▸ **PROBLEM DETAILS**
Pictures do not belong in the copy; quote every entry below exactly.

———

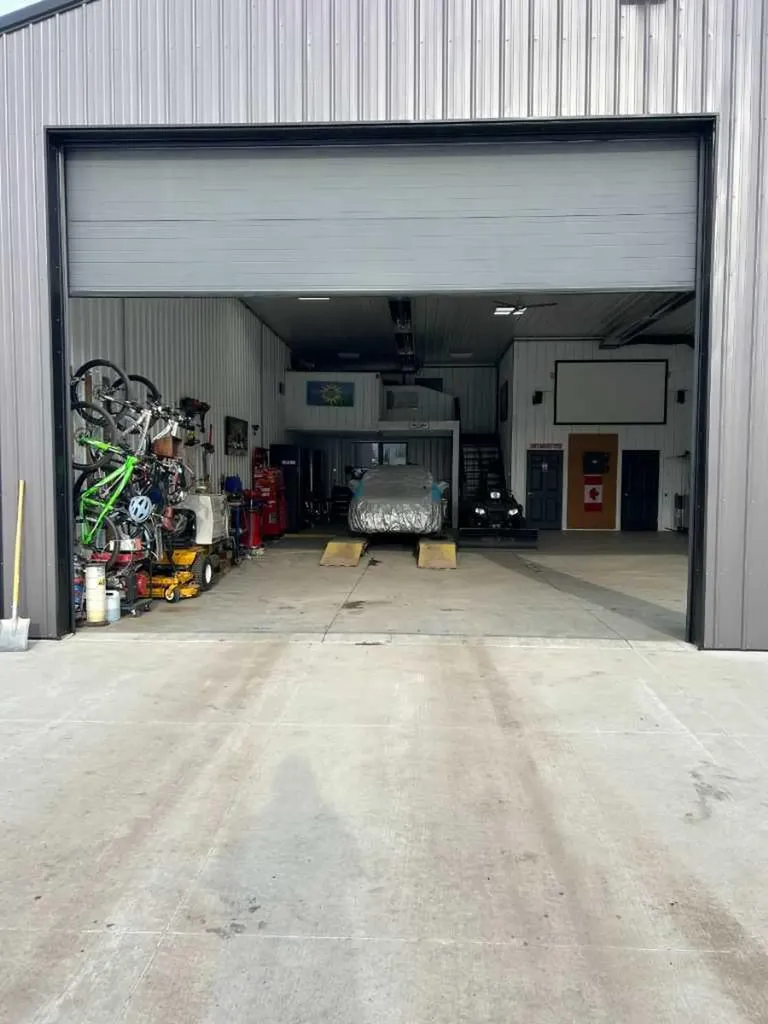 270165 Range Road 291 SE Airdrie AB T4B 3N6
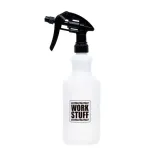 work-stuff-butelka-z-atomizerem-750ml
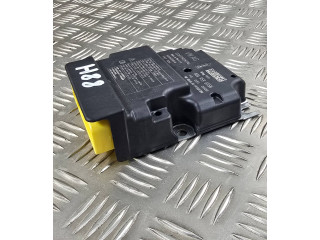 Блок подушек безопасности 80A959655N   Audi Q5 SQ5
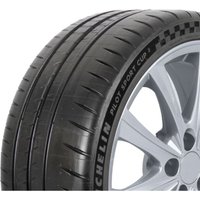 Sommerreifen MICHELIN Pilot Sport CUP 2 245/35R19 XL 93Y von MICHELIN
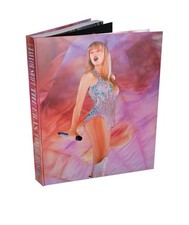 Taylor Swift - The Eras Tour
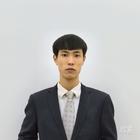 請叫我浮云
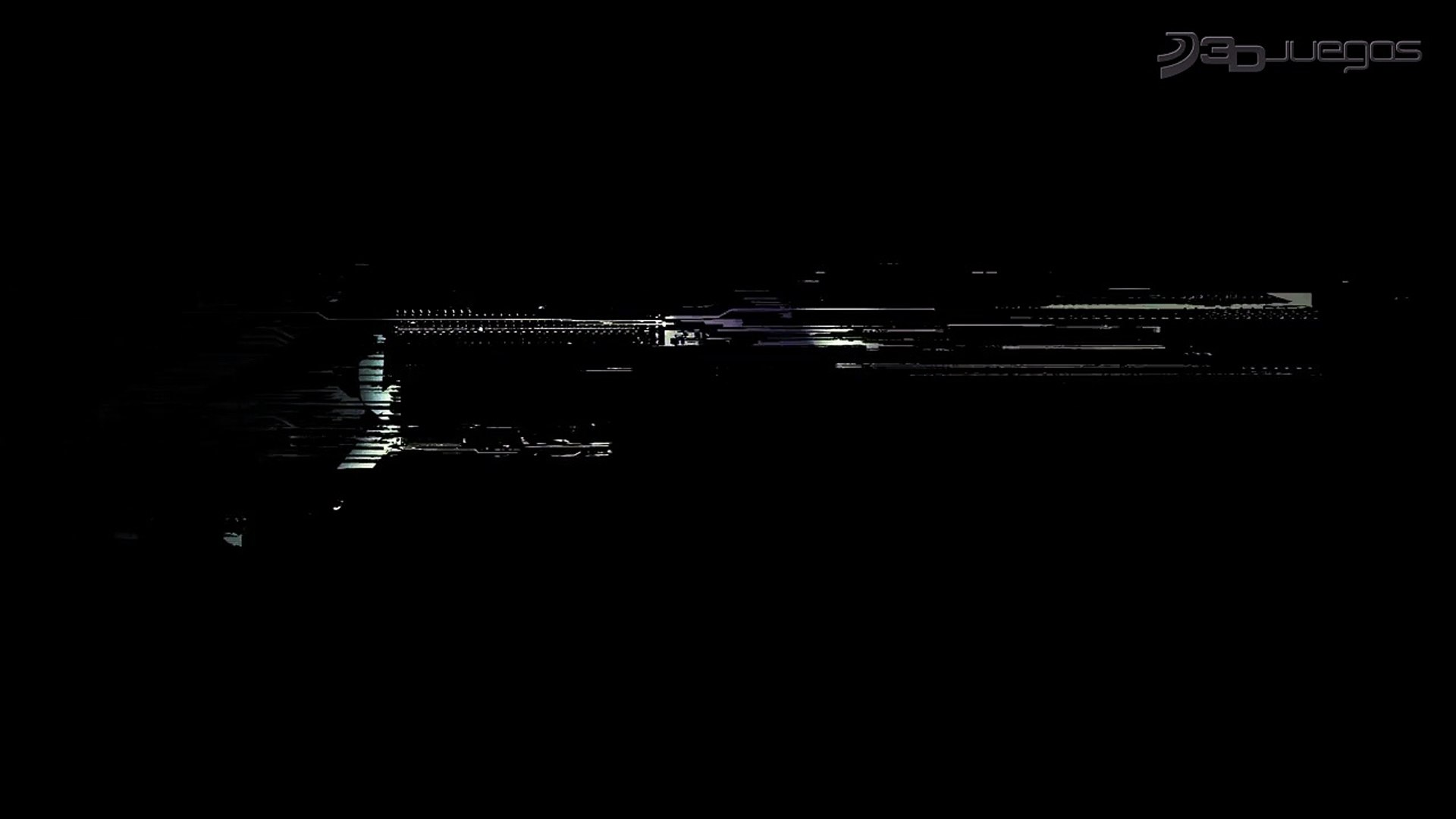 Cyberpunk 2077: Title Release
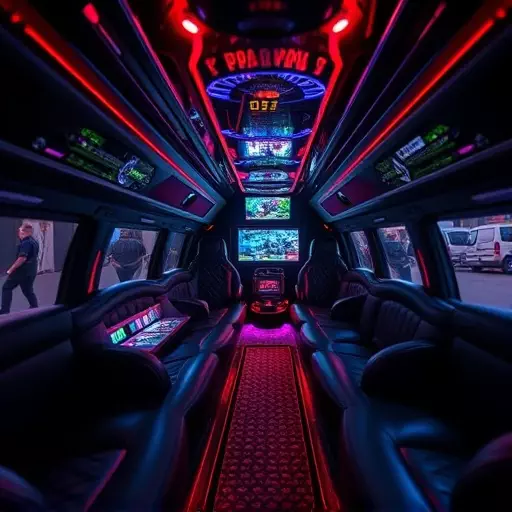 bar crawl transportation toledo,bar crawl shuttle services,luxury bar crawl transport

———

▸ **ANSWER TO THE EXERCISE**
 270165 Range Road 291 SE Airdrie AB T4B 3N6
 work-stuff-butelka-z-atomizerem-750ml
 Блок подушек безопасности 80A959655N   Audi Q5 SQ5
 Sommerreifen MICHELIN Pilot Sport CUP 2 245/35R19 XL 93Y von MICHELIN
 Taylor Swift - The Eras Tour
 請叫我浮云
 Cyberpunk 2077: Title Release
 bar crawl transportation toledo,bar crawl shuttle services,luxury bar crawl transport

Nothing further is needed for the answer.